■ Exercise materials
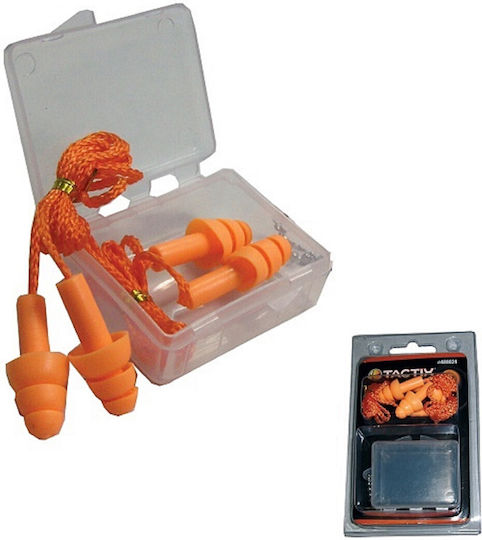 Tactix Silicone Earplugs with Safety Cord in Orange Colour 488024 2 Pieces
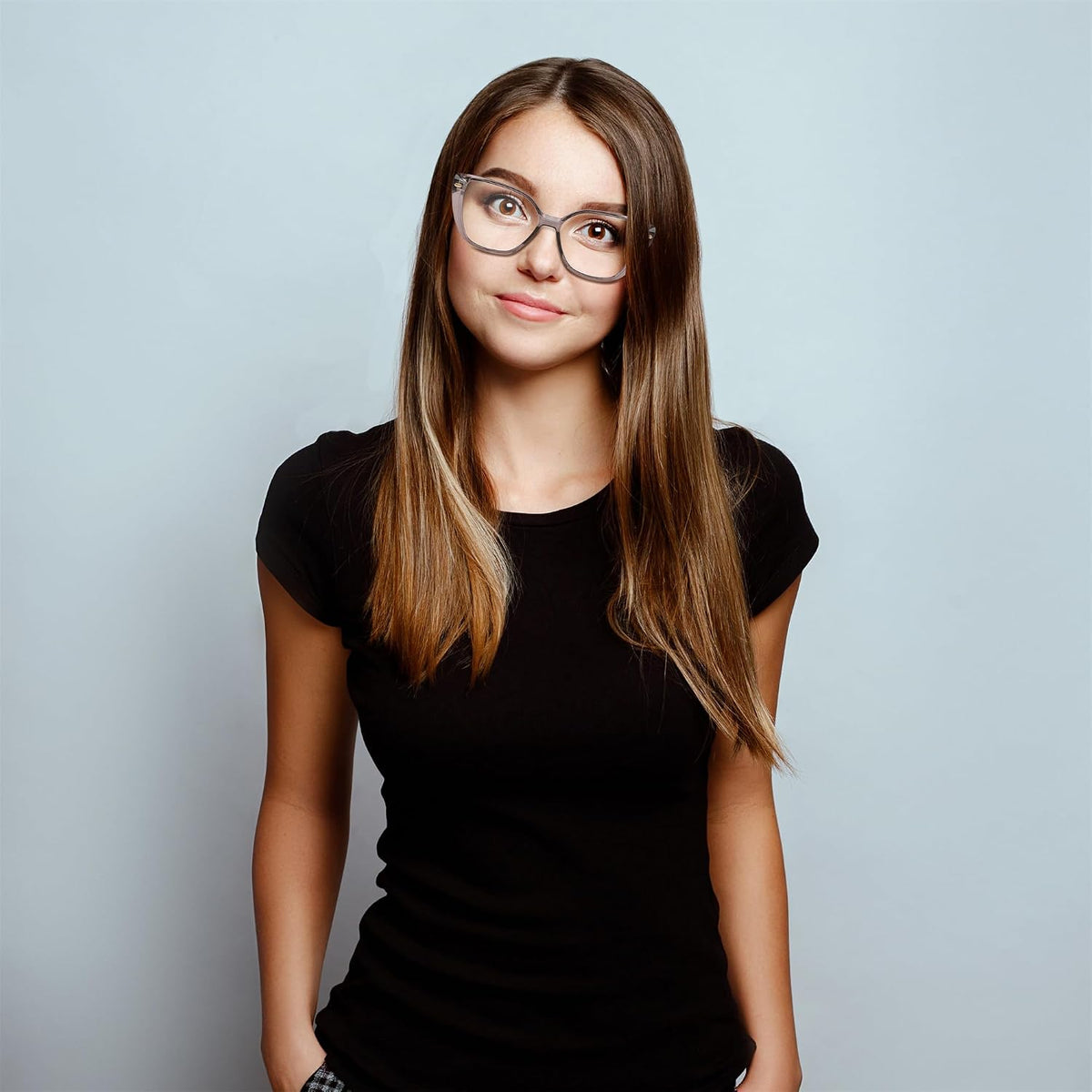 ÉÌƷͼƬ 9 | B0CTQL71PM | FEISEDY Cat Eye Blue Light Glasses for Women Anti Glare Eyestrain Computer Game Glasse B0123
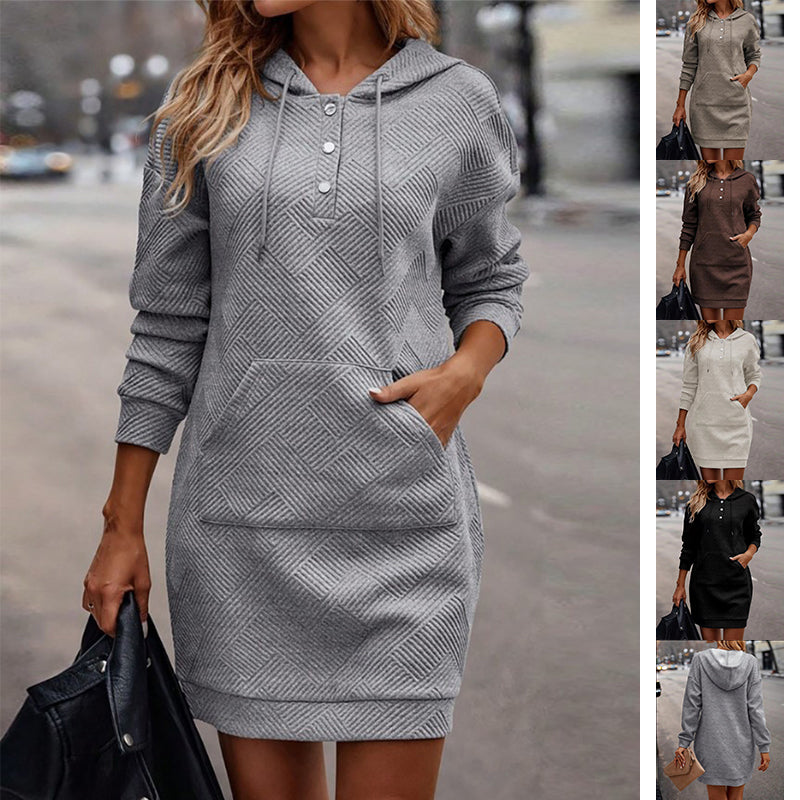 Gray hoodie dress with diamond pattern, button front, hood with drawstrings, and pocket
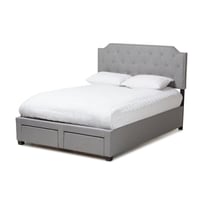 Baxton Studio Aubrianne Modern and Contemporary Grey Fabric Upholstered Queen Storage Bed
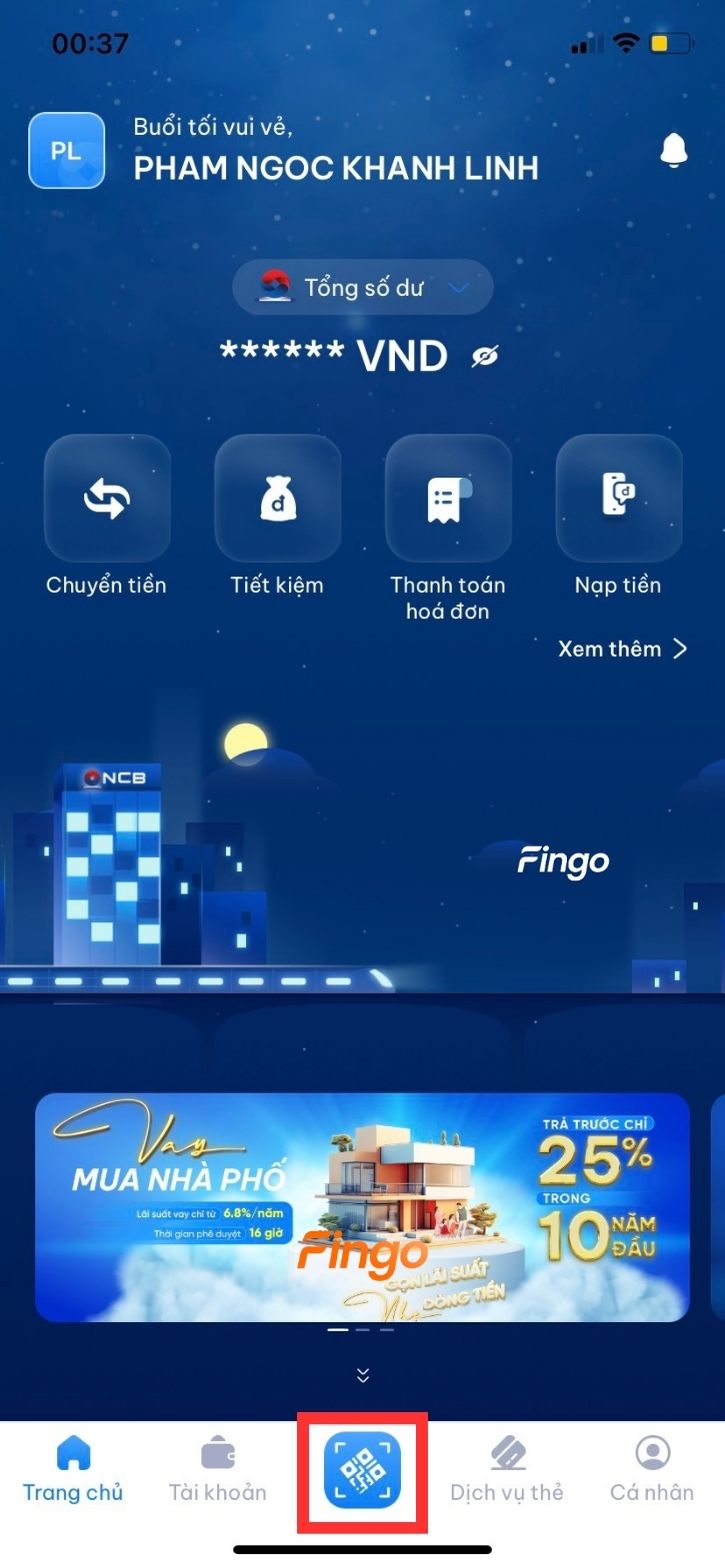 Trên giao diện ứng dụng NCB iziMobile, tìm và chọn biểu tượng có hình mô tả chức năng tạo mã QR NCB.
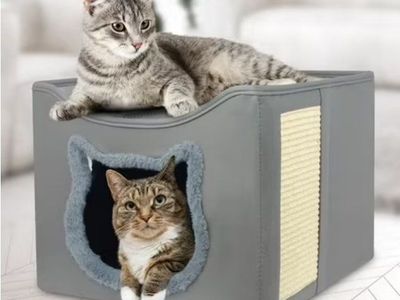 Foldable Square Pet Cave with Scratching Pad, Gray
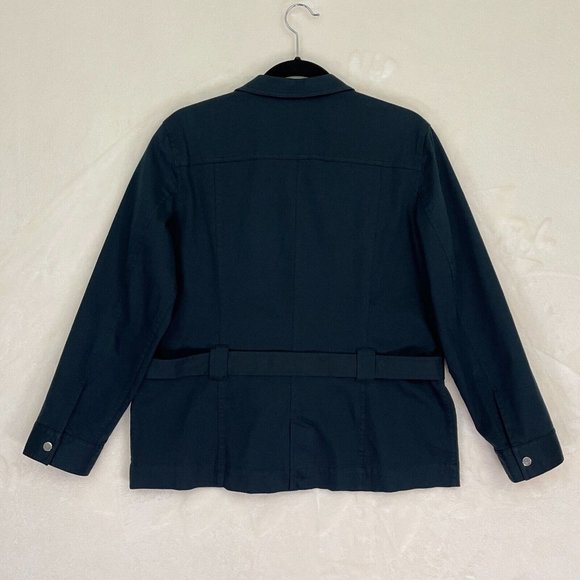 Liz Claiborne Lizsport Petite Dark Blue Button Down Jacket with Belt Size Large - Picture 2 of 7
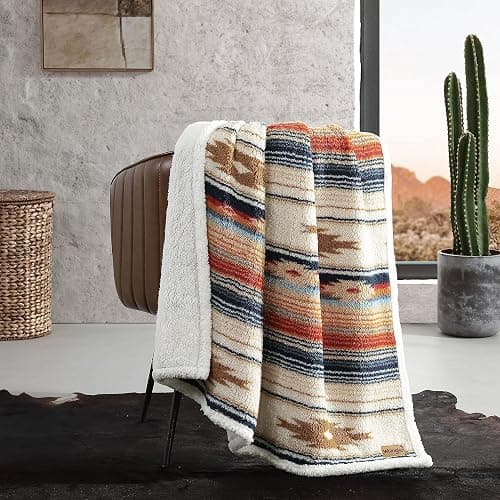 Wrangler- Throw Blanket, Ultra Soft Plush Home Decor, All Season Reversible Sherpa Bedding (Coyote Sands Ivory, 50 x 60) thumbnail 2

■ Assignment
The result should hold only the lines from the line with "Foldable Square Pet" through the final line of the records above, copied exactly, with pictures left out.

■ Solution
 Foldable Square Pet Cave with Scratching Pad, Gray
 Liz Claiborne Lizsport Petite Dark Blue Button Down Jacket with Belt Size Large - Picture 2 of 7
 Wrangler- Throw Blanket, Ultra Soft Plush Home Decor, All Season Reversible Sherpa Bedding (Coyote Sands Ivory, 50 x 60) thumbnail 2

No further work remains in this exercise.